- What is needed
Would you print the lines below exactly, beginning at the line that has "грибы GOLDEN TEACHER" and stopping after the line that has "Turmeric blume samen for tropical gardens"? Only those lines, and no pictures.

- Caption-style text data
= = = =

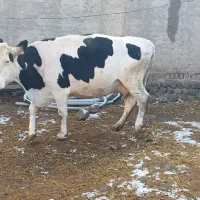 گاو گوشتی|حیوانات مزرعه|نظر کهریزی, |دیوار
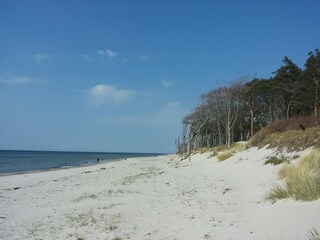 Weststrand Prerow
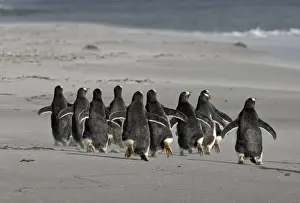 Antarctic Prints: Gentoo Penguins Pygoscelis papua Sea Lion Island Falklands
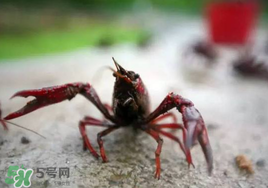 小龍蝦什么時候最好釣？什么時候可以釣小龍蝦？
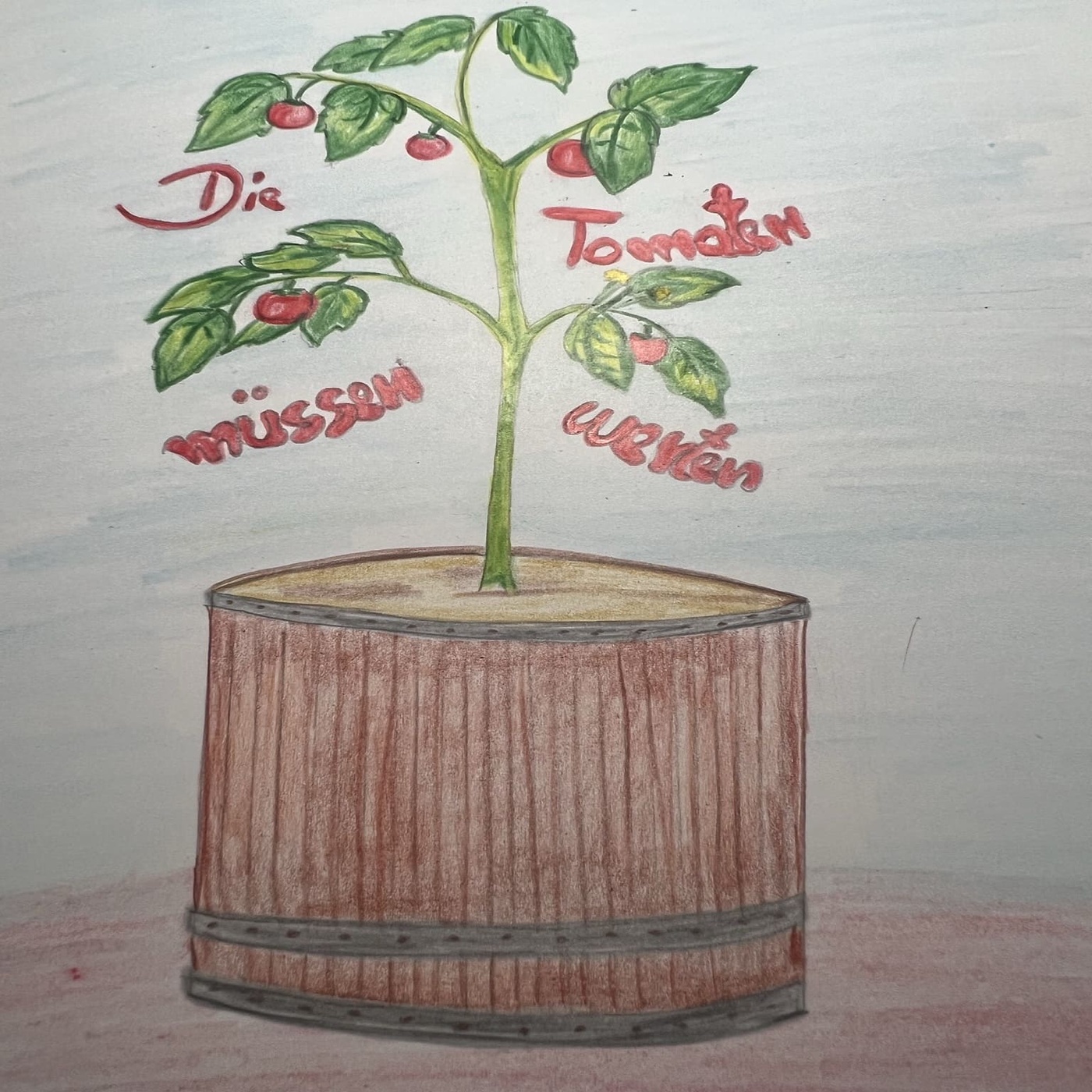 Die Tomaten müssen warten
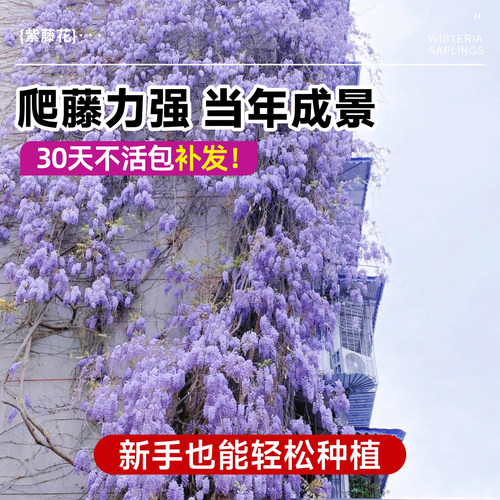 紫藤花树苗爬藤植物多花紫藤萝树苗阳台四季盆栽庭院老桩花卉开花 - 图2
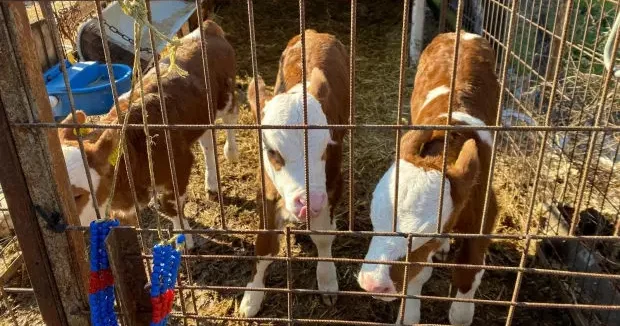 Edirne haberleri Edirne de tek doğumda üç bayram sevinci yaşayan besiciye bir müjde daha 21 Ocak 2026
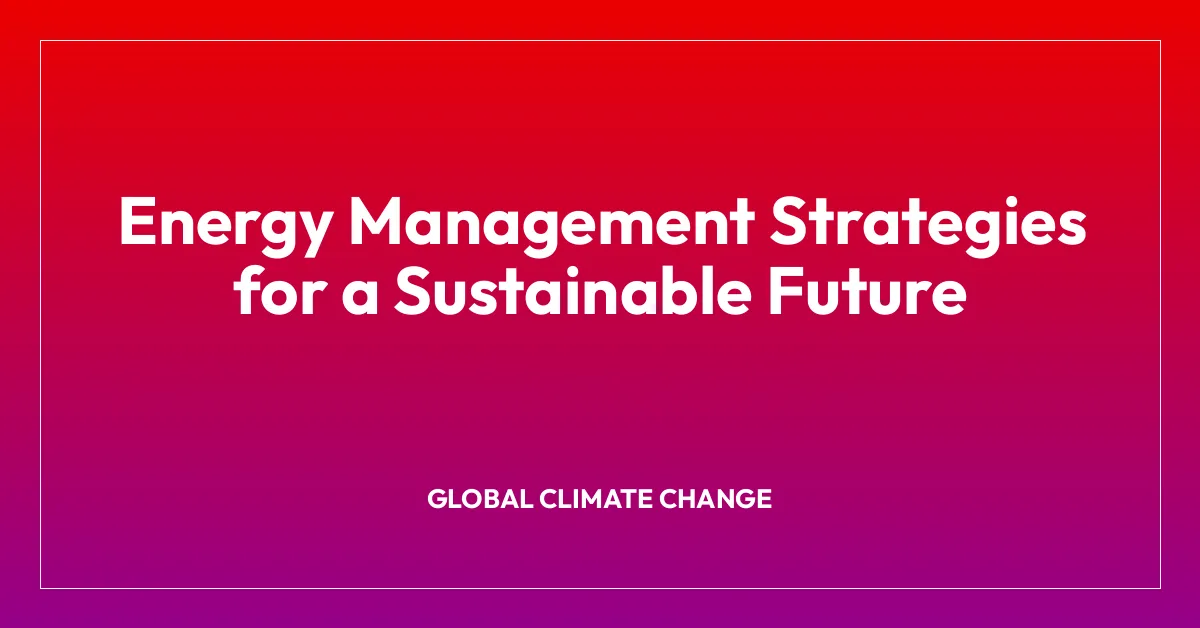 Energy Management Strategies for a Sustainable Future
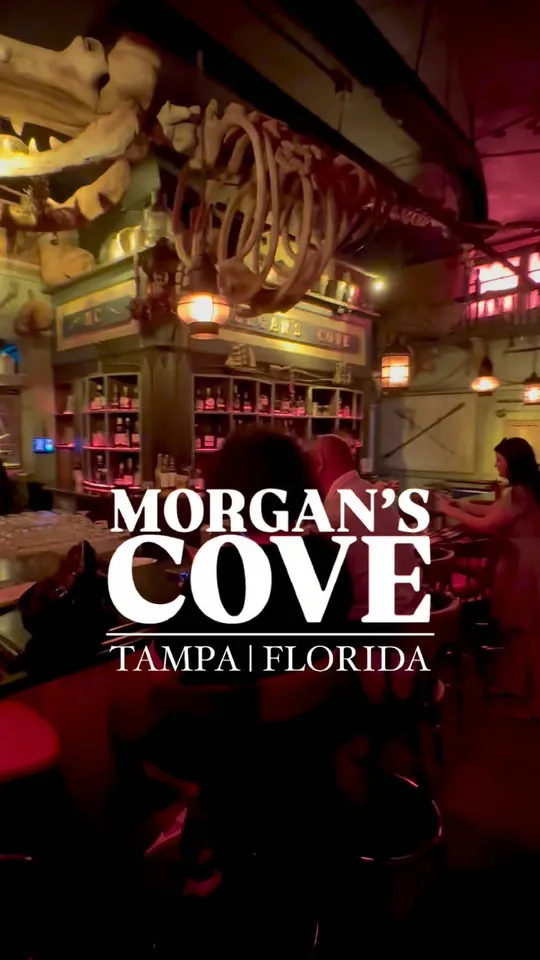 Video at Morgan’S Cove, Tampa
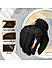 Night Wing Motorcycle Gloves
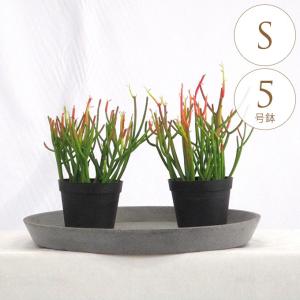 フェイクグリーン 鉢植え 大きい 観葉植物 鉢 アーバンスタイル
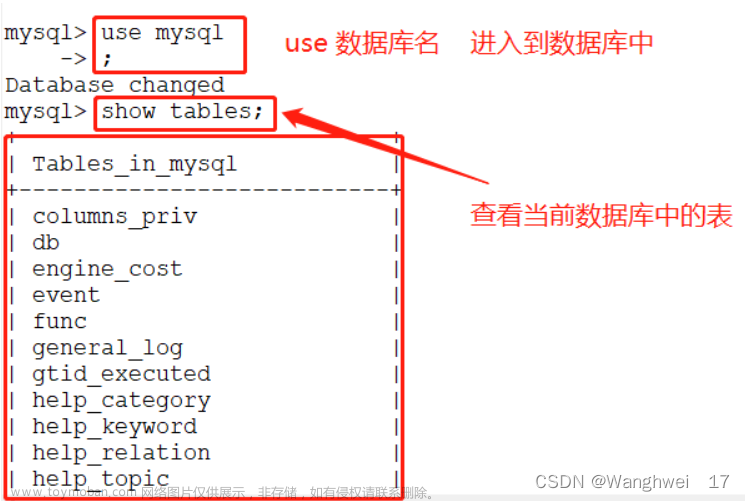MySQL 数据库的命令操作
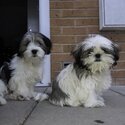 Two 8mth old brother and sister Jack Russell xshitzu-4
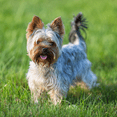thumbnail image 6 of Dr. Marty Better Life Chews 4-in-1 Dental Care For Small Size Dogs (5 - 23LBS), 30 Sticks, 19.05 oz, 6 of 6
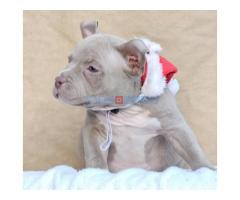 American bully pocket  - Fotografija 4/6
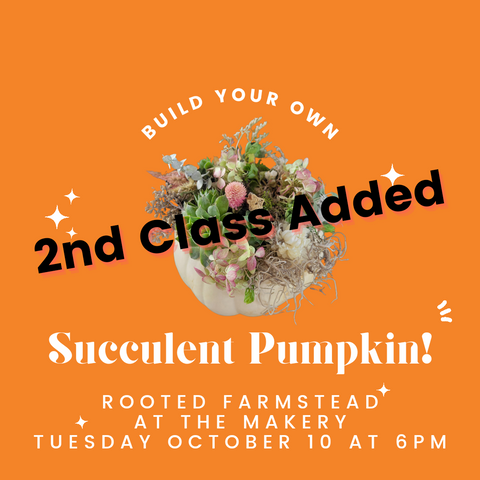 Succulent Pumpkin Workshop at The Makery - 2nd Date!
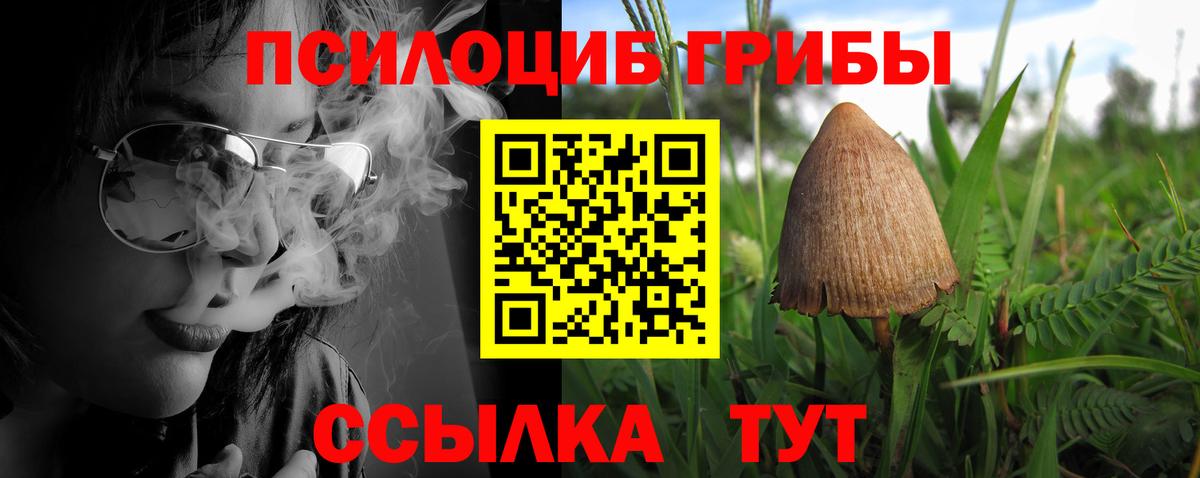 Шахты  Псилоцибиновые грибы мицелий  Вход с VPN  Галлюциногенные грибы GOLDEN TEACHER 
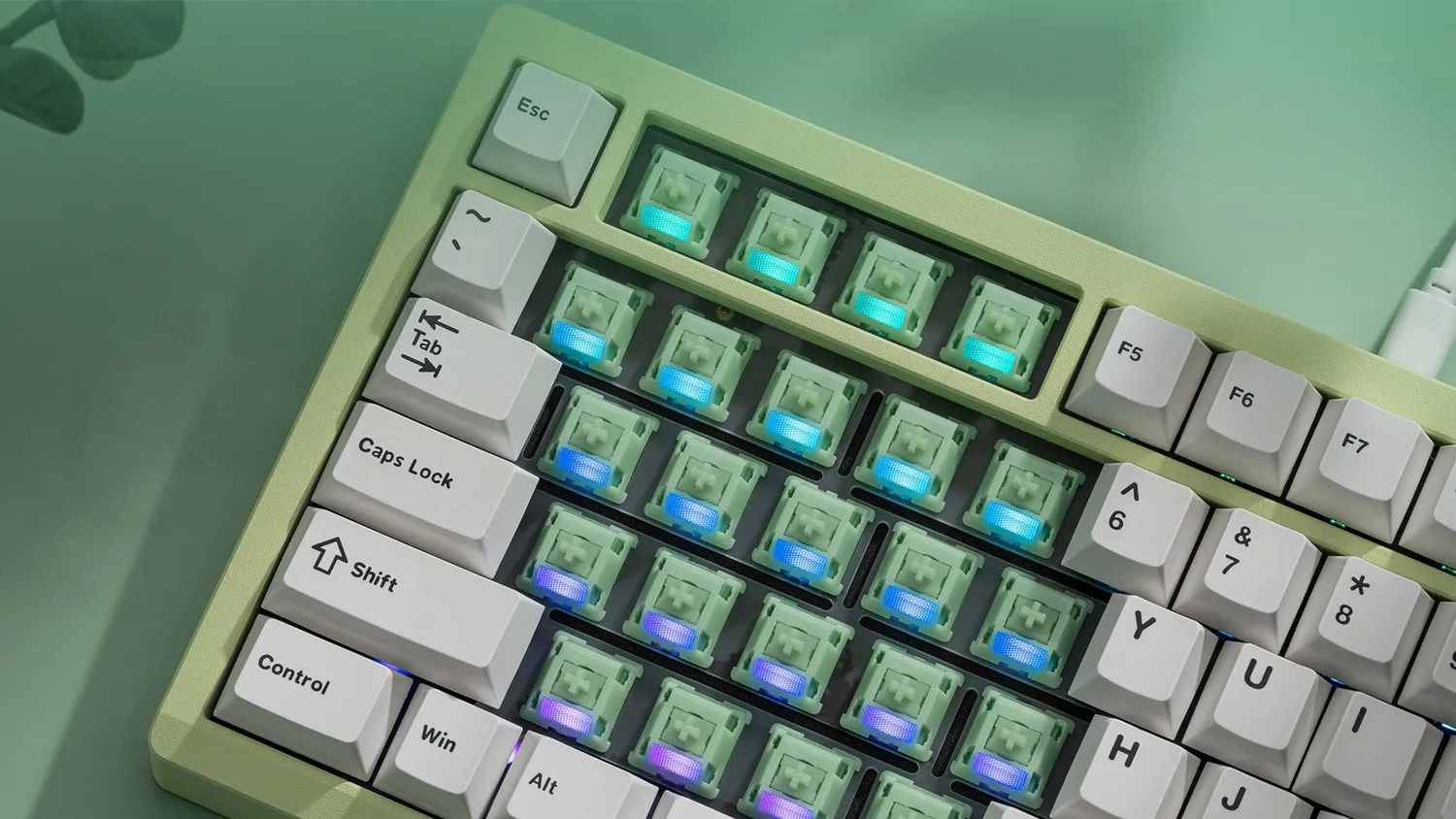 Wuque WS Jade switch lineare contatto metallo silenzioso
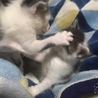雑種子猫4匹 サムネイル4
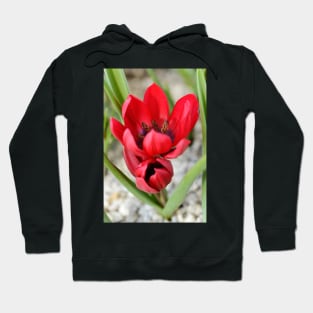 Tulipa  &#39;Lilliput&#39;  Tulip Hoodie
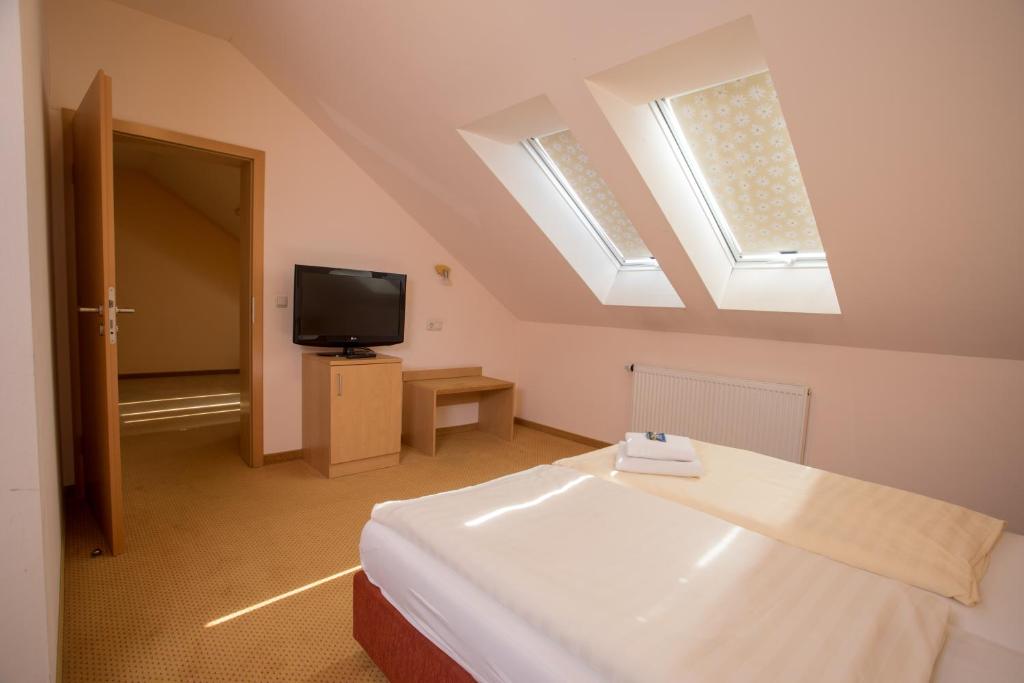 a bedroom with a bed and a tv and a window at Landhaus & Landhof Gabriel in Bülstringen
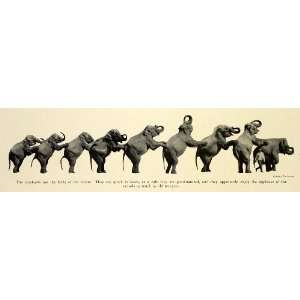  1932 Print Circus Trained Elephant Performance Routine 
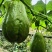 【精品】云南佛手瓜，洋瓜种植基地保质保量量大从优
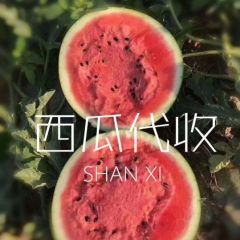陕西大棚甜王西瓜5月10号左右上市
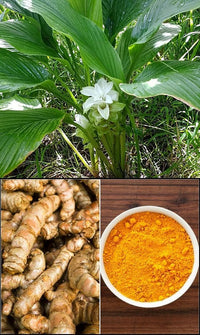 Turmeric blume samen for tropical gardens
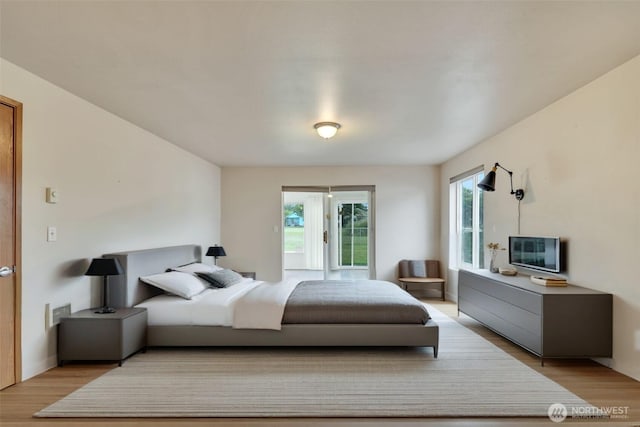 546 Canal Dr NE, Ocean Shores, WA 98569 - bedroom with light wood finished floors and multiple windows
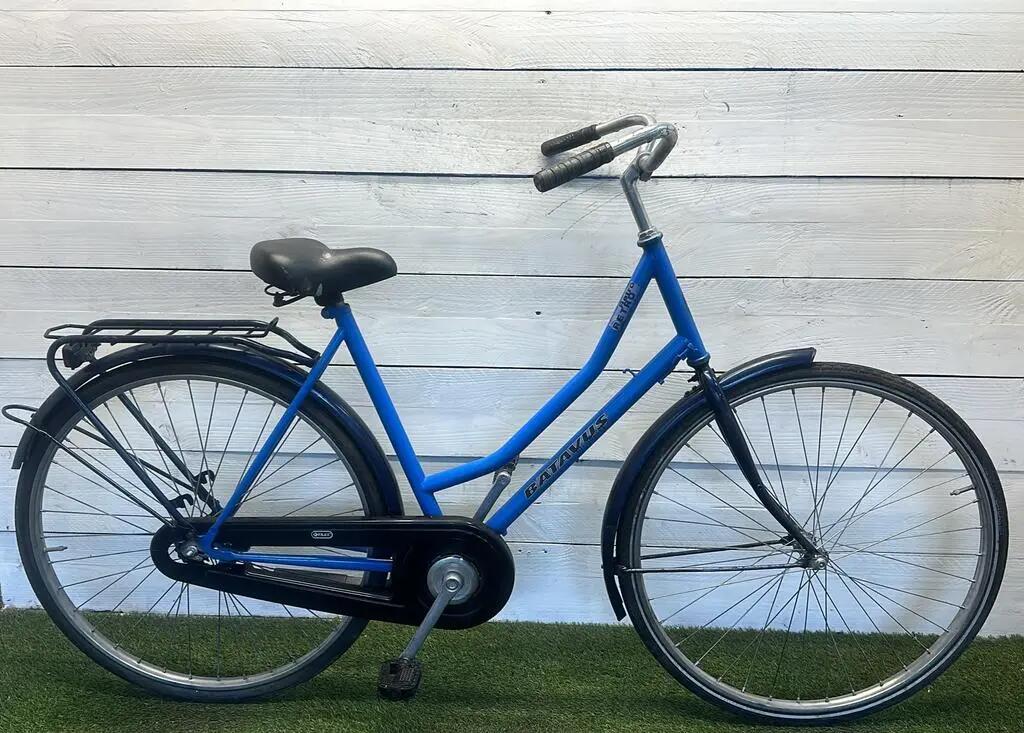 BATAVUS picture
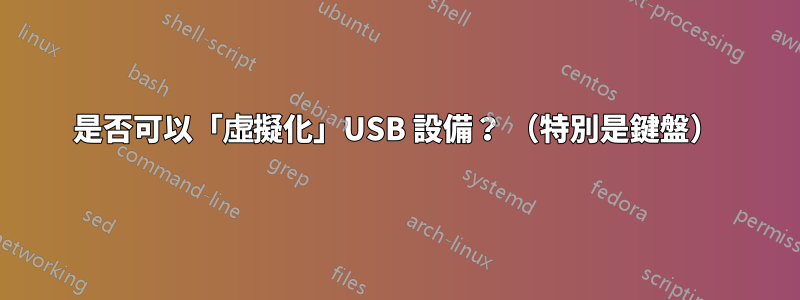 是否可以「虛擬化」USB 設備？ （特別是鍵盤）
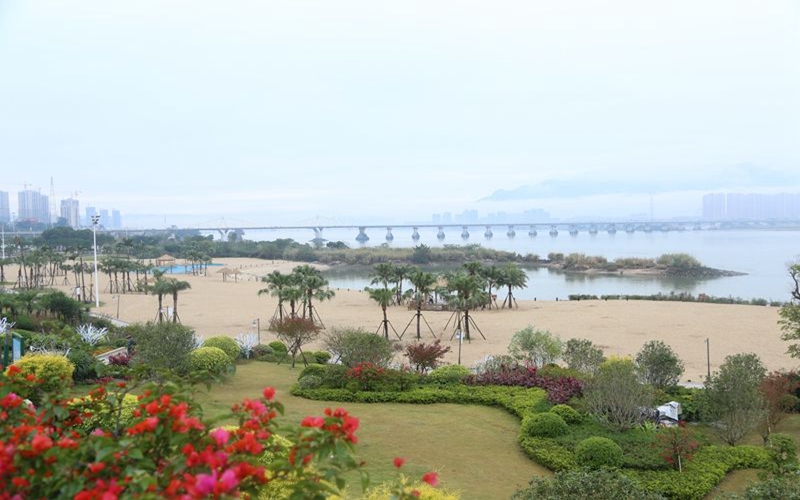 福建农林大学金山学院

= = = =

- Written answer
 Шахты  Псилоцибиновые грибы мицелий  Вход с VPN  Галлюциногенные грибы GOLDEN TEACHER 
 Wuque WS Jade switch lineare contatto metallo silenzioso
雑種子猫4匹 サムネイル4
 Tulipa  &#39;Lilliput&#39;  Tulip Hoodie
 a bedroom with a bed and a tv and a window at Landhaus & Landhof Gabriel in Bülstringen
  1932 Print Circus Trained Elephant Performance Routine 
 【精品】云南佛手瓜，洋瓜种植基地保质保量量大从优
陕西大棚甜王西瓜5月10号左右上市
 Turmeric blume samen for tropical gardens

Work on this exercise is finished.